Interpretation of eigenvectors of Hessian in context of local min/max/saddle?
Say $f \in C^2$ so we can possibly use its Hessian $H$ to determine whether $f$ has a local max, min, or saddle at a critical point $x_0$. Since $H(x_0)$ is real and symmetric, it is diagonalizable, say with eigenvector-eigenvalue pairs $(v_1,\lambda_1),\ldots,(v_n,\lambda_n)$. The second derivative test asserts that if all the $\lambda_i$ are strictly positive, then $f$ has a local min, if they are all strictly negative, then $f$ has a local max, and if there are at least one strictly positive and one strictly negative, then $f$ has a saddle point.
Is there some geometric interpretation to what the $v_i$ are? Are the $v_i$ somehow directions in which the function restricted to that direction has concavity $\lambda_i$?
"Diagonalisable" means that there is a linear change of variables so that the matrix is diagonal (obviously). It can also be shown that this change of variables can be effected by an orthogonal matrix. Hence, we have locally at the stationary point the expansion $$ f(x) = f(a) + \frac{1}{2!} (x-a)^T H (x-a) + o(\lvert x-a \rvert^2) = f(a) + y^T \Lambda y + o(\lvert y \rvert^2), $$ where $y=U(x-a)$ for an orthogonal matrix $U$ such that $ U^T H U = \Lambda$ is diagonal of the form $\operatorname{diag}(\lambda_1,\lambda_2,\dotsc,\lambda_n)$. It is clear now that locally the surface $z=2(f(x)-f(a))$ is close to the (diagonal) quadratic form $y^T \Lambda y$.
What does this actually mean? Let's look at the $n=2$ case for simplicity: higher dimensions have the same idea, but more complicated shapes.

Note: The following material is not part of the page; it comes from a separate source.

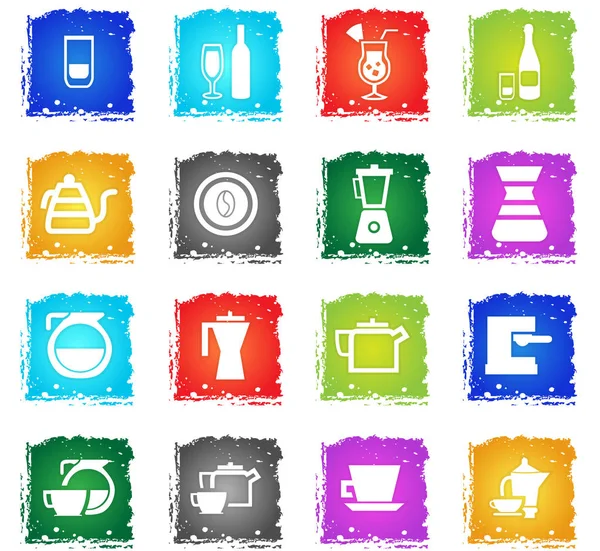 Utensils for beverages icon set — Stock Vector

- Both eigenvalues positive (negative): the graph looks locally like an elliptic paraboloid: it increases (decreases), whatever direction $y$ points in. The principal axes are (as in all other cases) parallel to the $y_i$ axes, with local form $z=\lambda_1 y_1^2+ \lambda_2 y_2^2$
- Both eigenvalues zero: the Hessian tells you nothing and you have to look at the next term...
- One eigenvalue zero: the graph looks locally like $\lambda_1 y_1^2+0y_2^2$, so it does not change when $y$ is in the direction where $y_1=0$, and you have to look at the next term to find how the graph changes in the direction where $y_1=0$. In the other direction (the "$y_1$ direction") it looks like a parabola.
- One of each sign: The graph looks locally like a hyperbolic paraboloid, with principal axes parallel to the axes of $y_i$, and with local form $z=\lambda_1 y_1^2 - (-\lambda_2)y_2^2$, for example. The graph has maximum decrease in the directions where $y_1=0$, and maximum increase in the directions where $y_2=0$.
So the eigenvectors of the Hessian form the principal axes of the paraboloid that acts as a local approximation of the behaviour, with the eigenvalues being related to the relative axis lengths.